No Reason To Cry Out Your Eyes (On The Highway Tonight), by Hawksley Workman
The film (yes, I'm still in a "(500) Days of Summer"-themed reverie) plays this song near the end to highlight one of Tom's weaknesses - his selective memory. Should we remember only the good moments or both the good and the far from good?
"Time it was and what a time it was it was,
A time of innocence, a time of confidences.
Long ago it must be, I have a photograph
Preserve your memories; they’re all that’s left you."
Bookends, by Simon & Garfunkel
Last weekend, I organized a mini karaoke session, something I never imagined doing (I hadn't stood near a karaoke machine since I was 11). Still, I did so only because I'd won a free two-hour pass from a contest at a work dinner. Couldn't let it go to waste now, could I? We had two enthusiasts in our little group - an Aussie sailor who wanted to sing the theme song from "True Blood" (it wasn't available, unfortunately) and a girl from a Turkish city famous for mandarin oranges (the two us raised our arms and snapped our fingers while singing the Beatles' "Girl" ala traditional Greek dance style). It turned out to be quite a rollicking session. We morphed with every song, going all emo when OneRepublic's "Apologize" started up and then turning giddy and trippy with "Yellow Submarine." We extended our session for a couple more hours and sang until we were hoarse. Actually, we were already hoarse when we finished our first two hours but nobody seemed to care.
This weekend, sans the sailor, we went to see "(500) Days of Summer" (finally!). And how we loved it. H declared she wants a young man who would love her as sweetly as Tom loves Summer. And me? I loved the writing, and how it doesn't have a fairytale plot, and that it has an awesome soundtrack full of indie music, each song perfectly selected for its scene. The characters are flawed but sympathetic, unique but still recognizable as everyday people. They exude the joys and confusion and tenderness of what it means to be human.

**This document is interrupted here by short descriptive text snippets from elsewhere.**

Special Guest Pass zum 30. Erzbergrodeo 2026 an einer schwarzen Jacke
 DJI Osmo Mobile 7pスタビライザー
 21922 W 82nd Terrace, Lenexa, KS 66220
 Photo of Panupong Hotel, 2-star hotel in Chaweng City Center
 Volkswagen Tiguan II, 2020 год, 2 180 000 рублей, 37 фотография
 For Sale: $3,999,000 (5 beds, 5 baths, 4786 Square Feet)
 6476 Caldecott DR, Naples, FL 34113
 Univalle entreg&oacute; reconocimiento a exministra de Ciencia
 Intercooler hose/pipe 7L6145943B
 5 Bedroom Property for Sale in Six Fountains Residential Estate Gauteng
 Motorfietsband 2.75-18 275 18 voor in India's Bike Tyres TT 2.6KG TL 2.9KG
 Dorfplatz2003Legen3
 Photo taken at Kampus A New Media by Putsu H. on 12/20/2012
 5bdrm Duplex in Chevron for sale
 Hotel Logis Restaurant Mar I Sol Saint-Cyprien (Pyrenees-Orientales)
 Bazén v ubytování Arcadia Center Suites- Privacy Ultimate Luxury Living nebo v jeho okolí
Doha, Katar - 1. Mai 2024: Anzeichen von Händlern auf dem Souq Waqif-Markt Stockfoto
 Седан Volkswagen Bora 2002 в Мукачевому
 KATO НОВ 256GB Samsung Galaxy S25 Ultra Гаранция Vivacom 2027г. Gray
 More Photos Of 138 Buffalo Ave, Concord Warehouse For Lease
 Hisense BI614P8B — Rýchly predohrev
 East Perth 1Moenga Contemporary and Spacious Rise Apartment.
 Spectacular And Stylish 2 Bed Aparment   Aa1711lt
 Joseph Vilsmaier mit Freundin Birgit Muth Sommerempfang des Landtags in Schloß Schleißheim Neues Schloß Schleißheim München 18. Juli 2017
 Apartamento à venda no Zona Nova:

A lot of the themes reminded me of those in Alain de Botton's writing. In fact, Tom reads The Architecture of Happiness by said author, and how fitting, since Tom trained as an architect, though he winds up a slightly unhappy greeting-card writer. The film also mentions Werther, the protagonist of The Sorrows of Young Werther, by Goethe. How uncanny, because in the last month, I read two books that refer to the character (one of them being Alain de Botton's The Consolations of Philosophy, a good book to dip into every now and then). In the film, at a karaoke bar (yes, another coincidence), Summer teasingly refers to Tom as "young Werther."
In one of the most moving scenes, Summer and Tom are sitting on a bench, with Tom's heart withering after a particularly difficult moment. Still, perhaps because of this conversation, he manages to retrieve the ideals he recently discarded, but with some important adjustments. (He reminds me of another romantic architect, Ted Mosby from "How I Met Your Mother.") Before she leaves, Summer tells him, "You weren't wrong, Tom. You were just wrong about me."